◆ **Material provided**
★ ★ ★ ★

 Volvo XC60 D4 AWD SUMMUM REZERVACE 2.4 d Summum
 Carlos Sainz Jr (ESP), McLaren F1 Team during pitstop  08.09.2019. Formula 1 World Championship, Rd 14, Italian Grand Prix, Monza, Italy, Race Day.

★ ★ ★ ★

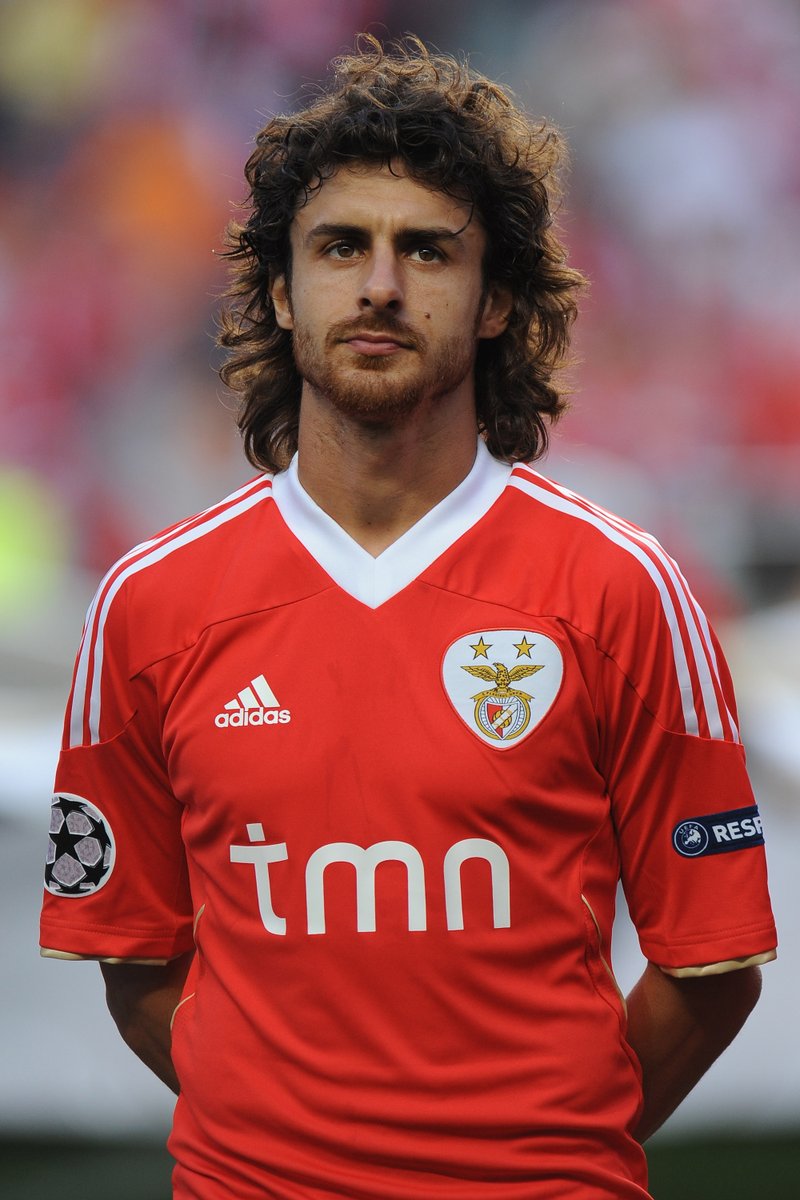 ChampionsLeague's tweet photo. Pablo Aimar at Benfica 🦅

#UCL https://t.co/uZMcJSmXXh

★ ★ ★ ★

◆ **What is needed**
Please output, exactly as written, the lines above from the one holding "ChampionsLeague's tweet photo." through the one holding "#UCL https://t.co/uZMcJSmXXh", both included, with the pictures omitted.

◆ **Finished exercise**
 ChampionsLeague's tweet photo. Pablo Aimar at Benfica 🦅

#UCL https://t.co/uZMcJSmXXh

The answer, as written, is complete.